Release Dates: April 18, 2017 (Console + PC)

It’s been a while since I’ve played a full-motion video game. Decades, perhaps; most developers these days opt for a graphic adventure game with its own animated style. “Your decisions matter” has been the prevailing focus of the narrative adventure genre ever since Telltale Games released The Walking Dead, and you can see the (strained) attempts to craft it in a compelling movie.

It’s hard to do so, however, when you have a few movies rolled into one.

Late Shift centers around a young man named Matt as he begins his…late shift as a parking lot valet. Everything suddenly goes wrong as he gets caught up in a heist scheme trying to retrieve an expensive porcelain cup. Despite being thrust into a harrowing situation, it becomes clear that greater forces are at work, as a night job is never as easy as it looks.

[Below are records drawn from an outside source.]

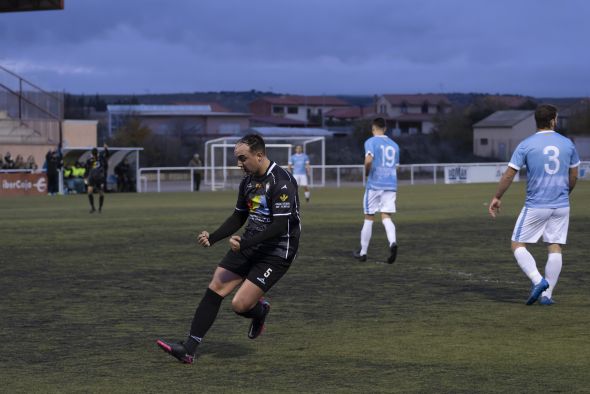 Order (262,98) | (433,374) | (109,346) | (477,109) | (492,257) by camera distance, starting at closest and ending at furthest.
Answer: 1. (433,374)
2. (109,346)
3. (492,257)
4. (477,109)
5. (262,98)

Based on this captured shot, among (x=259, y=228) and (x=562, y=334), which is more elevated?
(x=259, y=228)

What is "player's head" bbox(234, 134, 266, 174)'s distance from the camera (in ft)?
27.3

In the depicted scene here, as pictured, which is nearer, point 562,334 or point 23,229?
point 562,334

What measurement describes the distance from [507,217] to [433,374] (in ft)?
64.4

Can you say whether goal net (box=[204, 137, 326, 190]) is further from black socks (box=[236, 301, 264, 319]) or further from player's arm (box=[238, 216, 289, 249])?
player's arm (box=[238, 216, 289, 249])

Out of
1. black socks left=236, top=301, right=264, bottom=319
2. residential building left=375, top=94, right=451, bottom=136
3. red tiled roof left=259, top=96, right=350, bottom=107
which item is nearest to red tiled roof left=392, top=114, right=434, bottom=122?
residential building left=375, top=94, right=451, bottom=136

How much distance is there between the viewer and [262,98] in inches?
7254

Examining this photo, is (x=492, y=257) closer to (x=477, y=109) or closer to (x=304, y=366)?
(x=304, y=366)

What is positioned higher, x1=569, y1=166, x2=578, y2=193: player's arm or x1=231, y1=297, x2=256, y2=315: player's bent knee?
x1=569, y1=166, x2=578, y2=193: player's arm

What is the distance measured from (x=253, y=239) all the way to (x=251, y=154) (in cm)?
65

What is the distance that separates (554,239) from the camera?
11.6 meters

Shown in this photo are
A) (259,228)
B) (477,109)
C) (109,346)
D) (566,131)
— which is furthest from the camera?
(477,109)

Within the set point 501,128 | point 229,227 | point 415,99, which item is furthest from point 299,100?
point 229,227

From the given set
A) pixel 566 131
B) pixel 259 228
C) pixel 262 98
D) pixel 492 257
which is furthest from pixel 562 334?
pixel 262 98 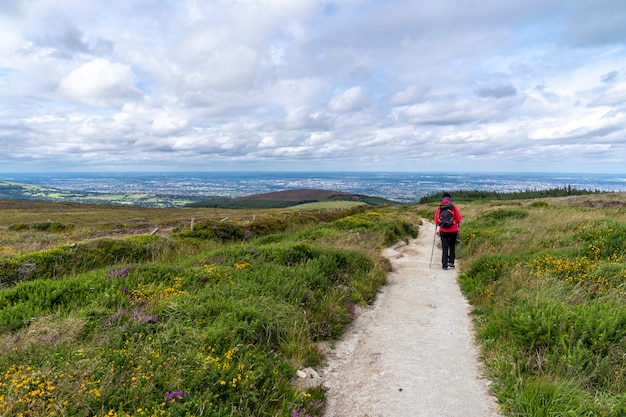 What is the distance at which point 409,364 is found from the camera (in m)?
5.54

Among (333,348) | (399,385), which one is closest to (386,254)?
Result: (333,348)

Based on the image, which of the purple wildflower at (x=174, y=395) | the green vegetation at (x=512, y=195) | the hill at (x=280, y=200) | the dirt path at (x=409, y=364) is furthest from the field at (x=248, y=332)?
the hill at (x=280, y=200)

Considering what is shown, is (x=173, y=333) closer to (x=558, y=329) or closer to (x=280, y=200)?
(x=558, y=329)

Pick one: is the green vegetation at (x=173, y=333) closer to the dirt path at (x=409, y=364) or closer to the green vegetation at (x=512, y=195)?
the dirt path at (x=409, y=364)

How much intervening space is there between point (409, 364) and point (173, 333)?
3880mm

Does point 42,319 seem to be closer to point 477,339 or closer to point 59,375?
point 59,375

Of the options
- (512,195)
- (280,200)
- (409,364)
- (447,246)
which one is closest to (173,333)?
(409,364)

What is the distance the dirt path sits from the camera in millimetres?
4477

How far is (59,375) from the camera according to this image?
3977mm

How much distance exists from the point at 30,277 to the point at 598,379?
12.8m

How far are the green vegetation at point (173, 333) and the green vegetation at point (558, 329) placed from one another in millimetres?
2762

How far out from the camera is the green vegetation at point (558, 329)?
13.6 ft

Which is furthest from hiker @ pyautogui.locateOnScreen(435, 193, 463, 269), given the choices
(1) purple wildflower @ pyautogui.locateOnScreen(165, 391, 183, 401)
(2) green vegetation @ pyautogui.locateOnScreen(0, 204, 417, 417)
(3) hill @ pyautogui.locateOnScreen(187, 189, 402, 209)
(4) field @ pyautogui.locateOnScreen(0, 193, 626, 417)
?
(3) hill @ pyautogui.locateOnScreen(187, 189, 402, 209)

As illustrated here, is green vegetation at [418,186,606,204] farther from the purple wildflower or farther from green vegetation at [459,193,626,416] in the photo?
the purple wildflower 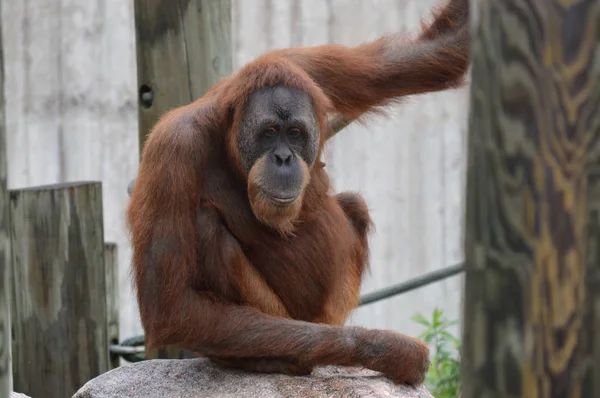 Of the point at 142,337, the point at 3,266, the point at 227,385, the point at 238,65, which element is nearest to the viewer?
the point at 3,266

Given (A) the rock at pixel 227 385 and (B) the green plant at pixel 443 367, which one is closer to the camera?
(A) the rock at pixel 227 385

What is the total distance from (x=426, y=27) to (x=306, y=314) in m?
1.27

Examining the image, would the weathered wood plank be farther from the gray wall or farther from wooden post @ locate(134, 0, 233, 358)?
the gray wall

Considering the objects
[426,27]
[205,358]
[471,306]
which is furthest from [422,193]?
[471,306]

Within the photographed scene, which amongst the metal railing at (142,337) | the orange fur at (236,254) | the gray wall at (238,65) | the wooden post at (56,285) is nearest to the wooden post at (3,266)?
the orange fur at (236,254)

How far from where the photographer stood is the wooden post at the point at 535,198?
50.4 inches

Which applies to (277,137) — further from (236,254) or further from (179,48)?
(179,48)

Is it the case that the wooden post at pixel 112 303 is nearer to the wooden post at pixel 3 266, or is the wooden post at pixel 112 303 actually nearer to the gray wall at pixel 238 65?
the wooden post at pixel 3 266

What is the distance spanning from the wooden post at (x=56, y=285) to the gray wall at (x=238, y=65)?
348 centimetres

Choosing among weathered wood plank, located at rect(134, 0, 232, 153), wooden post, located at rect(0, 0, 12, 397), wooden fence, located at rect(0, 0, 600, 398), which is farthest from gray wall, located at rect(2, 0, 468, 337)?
wooden fence, located at rect(0, 0, 600, 398)

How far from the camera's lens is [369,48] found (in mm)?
3811

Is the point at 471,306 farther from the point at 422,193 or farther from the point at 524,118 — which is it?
the point at 422,193

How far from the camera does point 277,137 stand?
319 centimetres

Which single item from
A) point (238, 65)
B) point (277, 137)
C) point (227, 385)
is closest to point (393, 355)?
point (227, 385) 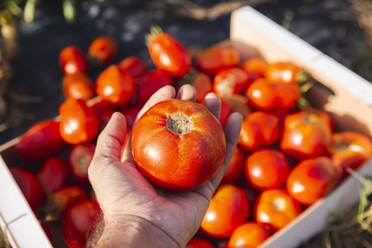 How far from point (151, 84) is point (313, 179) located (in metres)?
1.01

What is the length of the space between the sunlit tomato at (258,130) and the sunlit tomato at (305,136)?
76 millimetres

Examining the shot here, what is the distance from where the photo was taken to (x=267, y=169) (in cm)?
174

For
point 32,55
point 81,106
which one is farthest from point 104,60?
point 81,106

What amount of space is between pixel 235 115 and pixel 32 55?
243cm

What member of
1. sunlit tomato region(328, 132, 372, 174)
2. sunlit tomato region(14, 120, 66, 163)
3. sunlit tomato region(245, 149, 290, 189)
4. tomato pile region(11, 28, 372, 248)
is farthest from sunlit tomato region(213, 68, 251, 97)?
sunlit tomato region(14, 120, 66, 163)

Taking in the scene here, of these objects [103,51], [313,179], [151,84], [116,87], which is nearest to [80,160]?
[116,87]

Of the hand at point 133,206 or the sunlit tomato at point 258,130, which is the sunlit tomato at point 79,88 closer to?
the hand at point 133,206

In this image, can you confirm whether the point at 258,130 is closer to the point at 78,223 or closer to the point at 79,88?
the point at 78,223

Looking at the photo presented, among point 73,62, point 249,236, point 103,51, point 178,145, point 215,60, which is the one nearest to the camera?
point 178,145

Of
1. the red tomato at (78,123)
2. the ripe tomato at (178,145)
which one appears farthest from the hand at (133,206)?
the red tomato at (78,123)

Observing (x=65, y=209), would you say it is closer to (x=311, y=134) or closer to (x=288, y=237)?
(x=288, y=237)

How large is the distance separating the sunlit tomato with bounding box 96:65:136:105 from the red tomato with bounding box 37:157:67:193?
0.45 m

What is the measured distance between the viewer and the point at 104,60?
2.93 m

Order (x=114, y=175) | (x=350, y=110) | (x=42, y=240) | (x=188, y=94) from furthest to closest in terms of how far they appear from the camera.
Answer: (x=350, y=110) → (x=188, y=94) → (x=42, y=240) → (x=114, y=175) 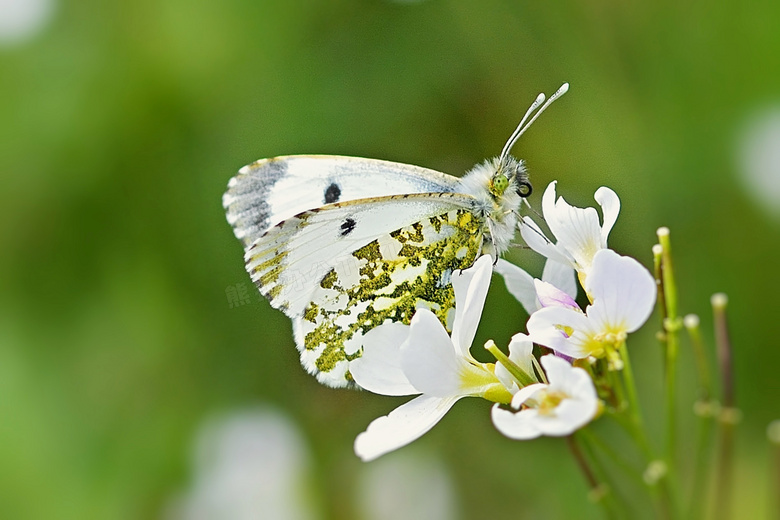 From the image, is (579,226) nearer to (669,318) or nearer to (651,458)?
(669,318)

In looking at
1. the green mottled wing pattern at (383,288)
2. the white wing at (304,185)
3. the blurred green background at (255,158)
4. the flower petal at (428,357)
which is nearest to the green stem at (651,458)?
the flower petal at (428,357)

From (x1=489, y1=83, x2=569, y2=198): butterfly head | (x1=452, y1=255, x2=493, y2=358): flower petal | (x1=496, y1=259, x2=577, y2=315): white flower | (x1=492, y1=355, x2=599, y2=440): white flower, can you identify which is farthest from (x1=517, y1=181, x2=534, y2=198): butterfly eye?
(x1=492, y1=355, x2=599, y2=440): white flower

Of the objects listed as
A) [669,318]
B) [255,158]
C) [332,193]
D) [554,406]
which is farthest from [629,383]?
[255,158]

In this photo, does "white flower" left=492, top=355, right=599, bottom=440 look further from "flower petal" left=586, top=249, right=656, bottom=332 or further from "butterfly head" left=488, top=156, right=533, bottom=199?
"butterfly head" left=488, top=156, right=533, bottom=199

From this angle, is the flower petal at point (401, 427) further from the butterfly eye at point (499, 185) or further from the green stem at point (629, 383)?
the butterfly eye at point (499, 185)

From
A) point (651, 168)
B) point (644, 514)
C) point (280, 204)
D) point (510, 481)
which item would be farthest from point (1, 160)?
point (644, 514) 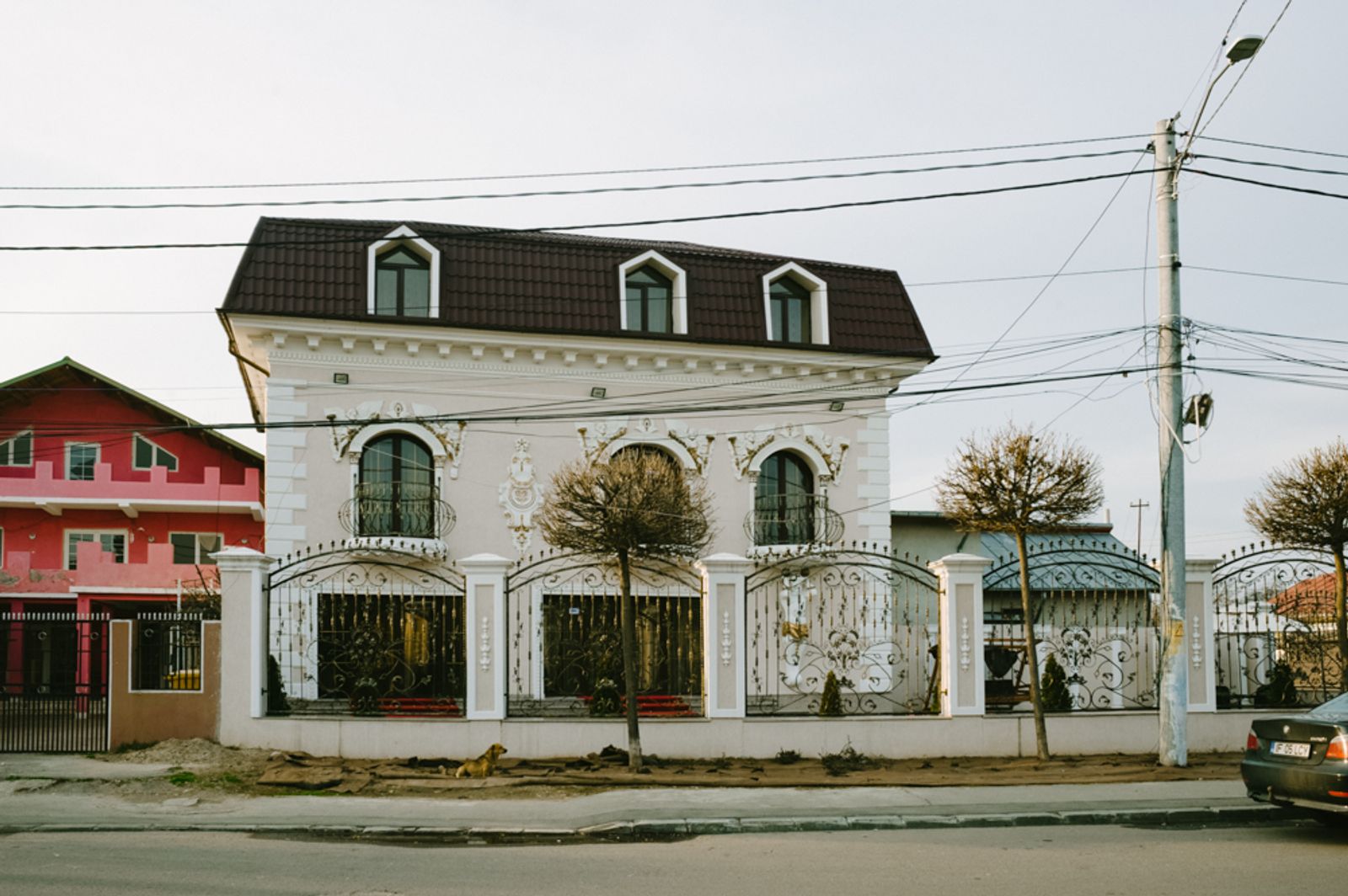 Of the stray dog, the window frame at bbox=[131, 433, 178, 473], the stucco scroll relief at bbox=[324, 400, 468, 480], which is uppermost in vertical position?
the window frame at bbox=[131, 433, 178, 473]

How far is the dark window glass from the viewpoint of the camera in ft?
81.7

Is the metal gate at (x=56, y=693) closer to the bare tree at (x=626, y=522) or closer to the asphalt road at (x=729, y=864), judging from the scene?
the asphalt road at (x=729, y=864)

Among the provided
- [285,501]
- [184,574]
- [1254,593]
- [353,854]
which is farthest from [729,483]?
[184,574]

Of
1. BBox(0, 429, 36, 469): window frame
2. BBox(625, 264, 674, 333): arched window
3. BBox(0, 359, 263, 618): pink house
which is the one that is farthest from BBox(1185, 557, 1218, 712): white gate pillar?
BBox(0, 429, 36, 469): window frame

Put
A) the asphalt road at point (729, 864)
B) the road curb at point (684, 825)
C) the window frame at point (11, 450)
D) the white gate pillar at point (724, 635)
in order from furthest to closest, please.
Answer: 1. the window frame at point (11, 450)
2. the white gate pillar at point (724, 635)
3. the road curb at point (684, 825)
4. the asphalt road at point (729, 864)

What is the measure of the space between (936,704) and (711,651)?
3.22 m

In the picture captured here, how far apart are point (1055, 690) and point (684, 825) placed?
7.13m

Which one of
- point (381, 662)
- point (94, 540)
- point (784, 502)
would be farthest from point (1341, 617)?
point (94, 540)

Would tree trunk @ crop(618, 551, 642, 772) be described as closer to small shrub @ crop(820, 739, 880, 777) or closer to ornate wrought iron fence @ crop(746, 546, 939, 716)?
ornate wrought iron fence @ crop(746, 546, 939, 716)

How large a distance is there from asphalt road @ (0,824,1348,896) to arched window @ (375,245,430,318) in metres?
12.8

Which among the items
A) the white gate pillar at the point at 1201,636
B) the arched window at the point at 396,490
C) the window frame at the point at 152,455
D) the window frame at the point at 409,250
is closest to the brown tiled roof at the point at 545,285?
the window frame at the point at 409,250

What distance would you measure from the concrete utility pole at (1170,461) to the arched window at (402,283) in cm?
1267

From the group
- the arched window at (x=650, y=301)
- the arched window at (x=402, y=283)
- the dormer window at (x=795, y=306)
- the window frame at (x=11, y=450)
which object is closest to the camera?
the arched window at (x=402, y=283)

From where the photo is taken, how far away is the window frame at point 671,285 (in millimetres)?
23781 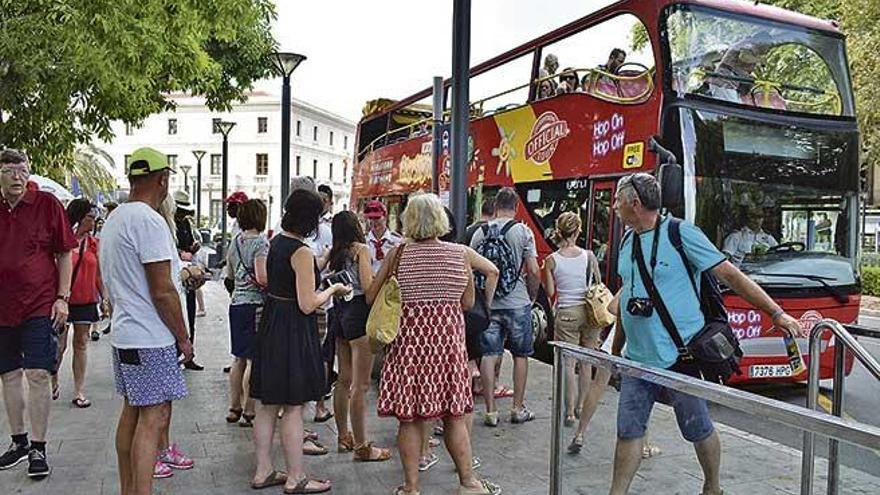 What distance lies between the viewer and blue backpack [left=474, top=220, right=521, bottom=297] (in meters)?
6.13

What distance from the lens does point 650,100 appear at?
25.9 feet

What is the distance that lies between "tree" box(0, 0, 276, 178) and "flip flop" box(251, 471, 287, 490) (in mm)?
4850

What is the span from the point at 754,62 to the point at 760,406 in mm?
6451

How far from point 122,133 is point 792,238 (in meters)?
77.0

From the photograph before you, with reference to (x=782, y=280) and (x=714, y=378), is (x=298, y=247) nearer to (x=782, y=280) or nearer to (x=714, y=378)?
(x=714, y=378)

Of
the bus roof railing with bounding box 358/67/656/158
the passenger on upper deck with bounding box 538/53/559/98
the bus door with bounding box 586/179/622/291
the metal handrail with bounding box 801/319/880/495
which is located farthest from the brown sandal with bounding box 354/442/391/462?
the passenger on upper deck with bounding box 538/53/559/98

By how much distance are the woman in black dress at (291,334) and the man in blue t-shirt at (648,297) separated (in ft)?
5.51

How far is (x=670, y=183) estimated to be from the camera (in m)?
7.07

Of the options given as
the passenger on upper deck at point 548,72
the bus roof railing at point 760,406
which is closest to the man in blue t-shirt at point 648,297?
the bus roof railing at point 760,406

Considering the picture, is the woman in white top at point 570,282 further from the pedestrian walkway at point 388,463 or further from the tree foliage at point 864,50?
the tree foliage at point 864,50

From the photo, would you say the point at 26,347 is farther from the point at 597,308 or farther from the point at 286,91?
the point at 286,91

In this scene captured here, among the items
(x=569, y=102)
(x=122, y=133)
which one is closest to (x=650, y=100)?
(x=569, y=102)

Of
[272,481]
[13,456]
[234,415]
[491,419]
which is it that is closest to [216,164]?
[234,415]

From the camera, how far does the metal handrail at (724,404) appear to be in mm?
2260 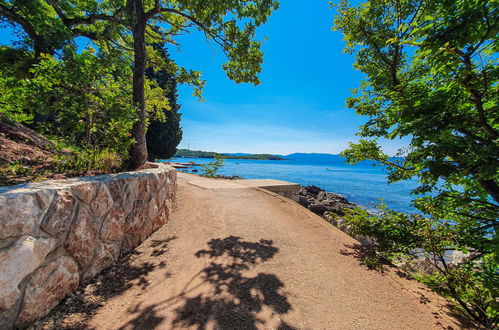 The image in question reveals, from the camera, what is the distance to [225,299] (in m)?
2.53

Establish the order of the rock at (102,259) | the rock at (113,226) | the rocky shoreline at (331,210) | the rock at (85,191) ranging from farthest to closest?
the rocky shoreline at (331,210) < the rock at (113,226) < the rock at (102,259) < the rock at (85,191)

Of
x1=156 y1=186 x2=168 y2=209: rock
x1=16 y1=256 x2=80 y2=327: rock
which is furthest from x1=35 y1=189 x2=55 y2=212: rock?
x1=156 y1=186 x2=168 y2=209: rock

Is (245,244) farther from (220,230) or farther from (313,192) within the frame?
(313,192)

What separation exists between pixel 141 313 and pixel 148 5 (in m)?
9.05

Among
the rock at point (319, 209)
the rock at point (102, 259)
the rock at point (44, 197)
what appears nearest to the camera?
the rock at point (44, 197)

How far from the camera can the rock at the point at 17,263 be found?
5.57 feet

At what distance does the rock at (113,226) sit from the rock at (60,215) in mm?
641

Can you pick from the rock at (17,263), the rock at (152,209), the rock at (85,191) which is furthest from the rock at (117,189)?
the rock at (17,263)

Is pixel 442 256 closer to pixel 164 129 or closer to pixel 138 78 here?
pixel 138 78

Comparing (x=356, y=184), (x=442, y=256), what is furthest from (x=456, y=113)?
(x=356, y=184)

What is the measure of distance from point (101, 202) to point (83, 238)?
58 centimetres

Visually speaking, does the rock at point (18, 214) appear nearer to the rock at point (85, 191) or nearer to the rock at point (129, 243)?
the rock at point (85, 191)

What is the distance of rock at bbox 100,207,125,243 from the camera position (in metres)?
3.01

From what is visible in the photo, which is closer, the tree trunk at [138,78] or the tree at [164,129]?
the tree trunk at [138,78]
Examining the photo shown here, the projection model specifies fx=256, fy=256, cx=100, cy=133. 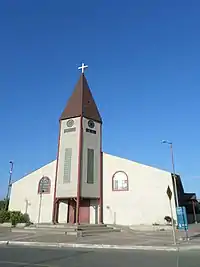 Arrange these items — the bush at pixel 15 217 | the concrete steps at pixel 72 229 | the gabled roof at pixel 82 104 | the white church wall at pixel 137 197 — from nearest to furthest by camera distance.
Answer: the concrete steps at pixel 72 229, the white church wall at pixel 137 197, the bush at pixel 15 217, the gabled roof at pixel 82 104

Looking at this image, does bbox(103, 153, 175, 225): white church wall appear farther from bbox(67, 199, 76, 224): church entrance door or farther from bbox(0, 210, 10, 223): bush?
bbox(0, 210, 10, 223): bush

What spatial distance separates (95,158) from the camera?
29953 millimetres

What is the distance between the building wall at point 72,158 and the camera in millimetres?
27728

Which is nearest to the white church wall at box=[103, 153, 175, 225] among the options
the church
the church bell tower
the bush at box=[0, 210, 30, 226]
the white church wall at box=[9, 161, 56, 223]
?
the church

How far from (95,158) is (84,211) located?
6073mm

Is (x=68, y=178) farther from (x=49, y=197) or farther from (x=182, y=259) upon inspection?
(x=182, y=259)

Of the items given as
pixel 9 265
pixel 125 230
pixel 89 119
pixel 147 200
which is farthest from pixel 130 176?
pixel 9 265

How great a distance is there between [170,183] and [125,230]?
6.69 m

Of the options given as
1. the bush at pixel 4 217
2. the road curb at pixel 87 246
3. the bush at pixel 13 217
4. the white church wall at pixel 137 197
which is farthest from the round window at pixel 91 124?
the road curb at pixel 87 246

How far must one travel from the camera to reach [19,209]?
32281 millimetres

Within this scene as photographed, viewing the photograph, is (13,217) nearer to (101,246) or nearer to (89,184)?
(89,184)

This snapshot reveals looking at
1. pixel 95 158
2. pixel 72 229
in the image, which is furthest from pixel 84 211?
pixel 95 158

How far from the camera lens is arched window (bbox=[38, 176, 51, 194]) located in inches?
1220

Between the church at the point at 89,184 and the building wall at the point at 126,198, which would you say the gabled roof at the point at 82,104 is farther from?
the building wall at the point at 126,198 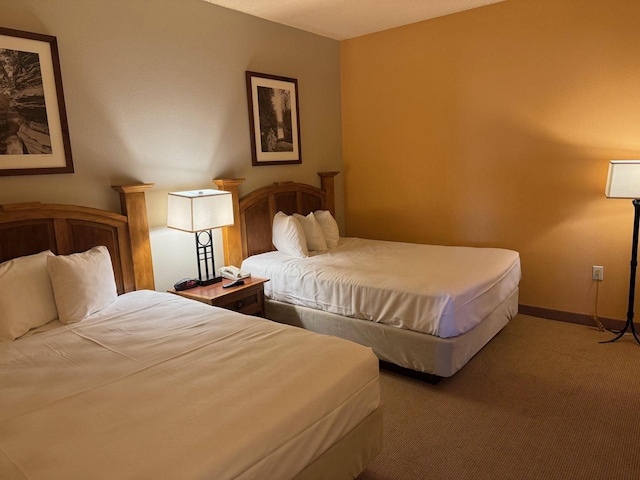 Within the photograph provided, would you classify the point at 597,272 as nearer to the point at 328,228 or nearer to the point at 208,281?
the point at 328,228

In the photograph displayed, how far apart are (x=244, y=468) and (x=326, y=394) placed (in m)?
0.42

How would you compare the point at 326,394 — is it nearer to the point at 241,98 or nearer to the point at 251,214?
the point at 251,214

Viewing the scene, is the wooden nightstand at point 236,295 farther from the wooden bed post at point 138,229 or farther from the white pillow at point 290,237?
the white pillow at point 290,237

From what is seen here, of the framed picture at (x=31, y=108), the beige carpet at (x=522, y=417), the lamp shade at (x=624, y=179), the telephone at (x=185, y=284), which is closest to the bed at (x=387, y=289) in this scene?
the beige carpet at (x=522, y=417)

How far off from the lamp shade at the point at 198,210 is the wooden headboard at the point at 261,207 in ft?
1.13

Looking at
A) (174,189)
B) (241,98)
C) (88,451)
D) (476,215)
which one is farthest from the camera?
(476,215)

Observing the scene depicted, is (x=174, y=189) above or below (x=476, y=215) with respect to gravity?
above

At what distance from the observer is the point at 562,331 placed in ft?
11.5

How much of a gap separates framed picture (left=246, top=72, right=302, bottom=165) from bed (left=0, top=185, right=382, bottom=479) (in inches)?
65.8

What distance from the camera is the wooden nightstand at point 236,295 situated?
296cm

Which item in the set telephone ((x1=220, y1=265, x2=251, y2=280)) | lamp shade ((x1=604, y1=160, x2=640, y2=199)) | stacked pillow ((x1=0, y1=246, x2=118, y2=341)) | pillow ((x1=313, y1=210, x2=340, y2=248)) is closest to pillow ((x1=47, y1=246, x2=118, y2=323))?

Strictly from a gameplay perspective, Late Shift is barely a video game. The player is given a choice between one of two or three options a few times throughout the story, sometimes going minutes without a choice. Depending on the playthrough, you can go several minutes without interacting with the game, letting you sit back and watch these actors showcase a narrative for you.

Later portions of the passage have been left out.